Some shooters are very focused on accuracy. Here is a checklist that might help your shooting results.
1 - The scope must be mounted correctly. One quick way to check your scope is to place a carpenter's level across the top of your limb pockets and orient the crossbow to a perfectly level position. Use gravity to help by tying a string with a weight from a tree limb about 20 yards out. Determine if your vertical crosshair is aligned "up and down" with the plumb bob hanging from the tree. (We have tied our cocking rope to a tree in camp when in a jam.) If not, loosen the scope rings and rotate the scope until you achieve perfect alignment. Your shots will move either left or right as range is increased if the scope is not 100% vertically correct. Naturally, hold your crossbow level when shooting. Target shooters will mount a leveling glass on their crossbow to ensure the bow is absolutely horizontal.
2. Pull your limbs back evenly. When cocking the crossbow, make an effort to pull both limbs back together using the cocking rope without twisting or loading one side of the crossbow more than the other. If you have left and right variance with the same arrow, the cocking procedure is suspect. If there is "up and down" variance with the same arrow, check to see if your scope or fasteners are loose in any way. 
3. Use a rangefinder. Until laser rangefinders made their way into the commercial hunting market about 15 years ago, archers had to visually estimate range or pace off distances in advance to shoot well. Today, for just slightly more than the cost of a full tank of gas, a laser rangefinder can be in the backpack.
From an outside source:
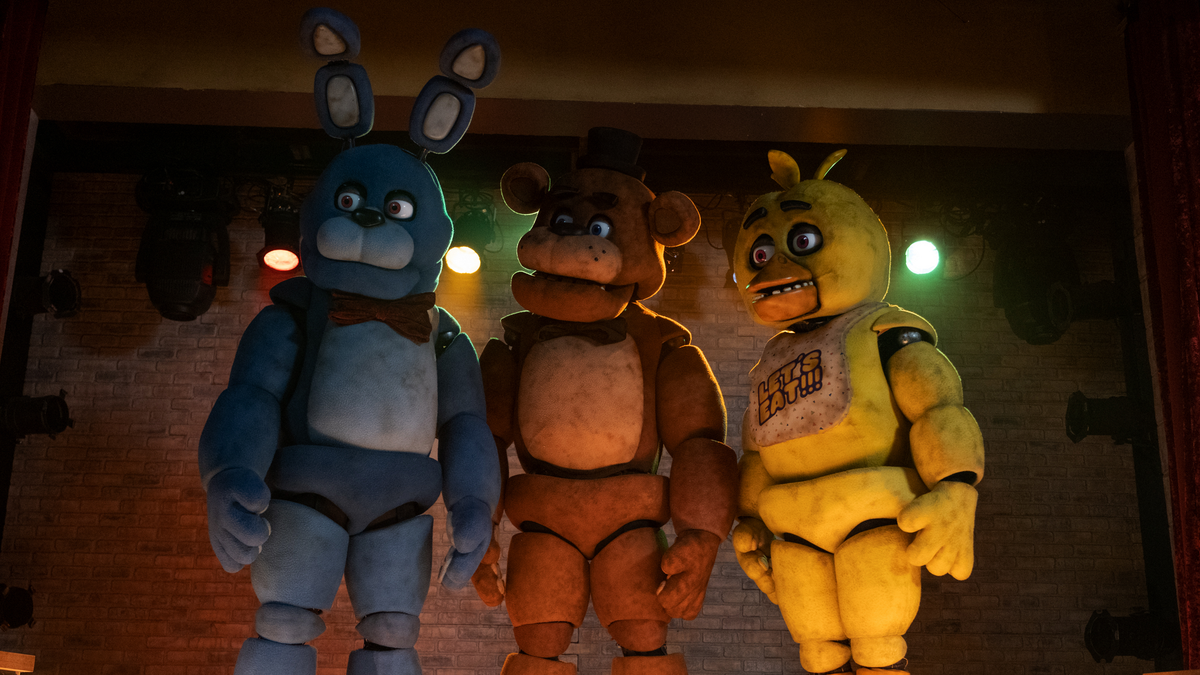 "Five Nights at Freddy’s": Cool practical effects can’t save this so-so movie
For crossbow hunters who are also rifle hunters, obtain a rangefinder with a rating for 1,000 yards and it should work perfectly well for both archery and firearm requirements.   
4. Know your crossbow ballistics. A crossbow is a system consisting of the crossbow, the scope and the selected arrow. We are often asked what is the best crossbow. The answer is one that you can cock easily without creating variance and have the confidence to hit your aim point regularly. For most hunters, this is our 185 lb or 200 lb crossbow. After the trigger is pulled, it is all about ballistics. Typically, the 200 lb Bravo Zulu will shoot the 6 aiming points in our scopes very precisely when using the supplied arrows with 100gr heads. (There are 4 crosshairs in the scope but the top and bottom posts provide 2 additional aim points.) It works out nicely for 10, 20, 30, 40, 50 and 60 yards. The Koda-Express works equally as well with a slight adjustment. For this 185 lb bow, typically sight in 3/4" high at 20 yards and the ballistics adhere to the scope reticles at 30, 40 and 50 yards with the last aim point coming in at just under 60 yards. Confidence goes up as yardage decreases for most hunters. There are less obstructions to deal with (trees, bushes, twigs) and fewer environmental effects (wind, sound, animal movement) so a 20 to 30 yard shot with a Kodabow should be a deer hanging in camp 100% of the time. That is providing you take your time, know your deer anatomy, and avoid a case of "buck fever." Remember when shooting uphill or downhill, your aiming point must be lowered vs. the normal flat, level surface that you might have used in practice. Study your angle/ballistic charts or use one of the compensating range finder devices that calculates angle adjustments. 
5. Shoot from a rest. Even the best rifle shooters avoid taking game without using a rest. Shooting sticks are the norm in Africa. Smart rifle hunters will find ground or external support to steady their aiming point. Crossbow hunters should do the same. For this hunter, the last three animals taken were from these positions: - Prone, - Sitting with knees as support, and again, Sitting with knees as support.  We love that sitting position! 
For tree stand hunters, consider using your rail or a monopod. 
6. Think about what you are doing. A good friend called one morning complaining about his crossbow. He said the crossbow shot fine last year but now he can't get the crossbow scope sighted in at all.  He pulled his bow out for the upcoming deer season and it was shooting way off. He said he required some major scope adjustments just to get on target at 20 yards but when he stepped back to 30 and 40 yards, it was no where close to the target (shooting very low) until he finally gave up in frustration. It seemed the more he shot, the worse it all became. We spoke for a few minutes until it became clear that the poor fellow started the morning off using the bottom 50 yard reticle at 20 yards. 
(He got mixed up should have been using the uppermost reticle.) Every adjustment he made after that was hopeless. After the few dozen clicks changing his former 50 yard aim point to 20 yards, when he stepped back to 30 yards, he was even further off because he was basically using his scope upside down. We had a few laughs. Take your time. Don't rush to judgement and if something isn't acting right, also consider that the shooter just might be the problem. Looking forward to a great season!  Another friend said, "Be early to rise and stay in the woods until last shooting light if you want to take the the big buck." Good advice..... My best, Chuck

Tuesday, July 3, 2012

Ruger Invests in Kodabow



Pictured is our good friend, Rick, who lives in Michigan with a few of his favorite shooting tools. Nothing says Made in America like a Ruger .44 Magnum, a Ruger M77 in .30-06., and a Kodabow Big Rhino crossbow.  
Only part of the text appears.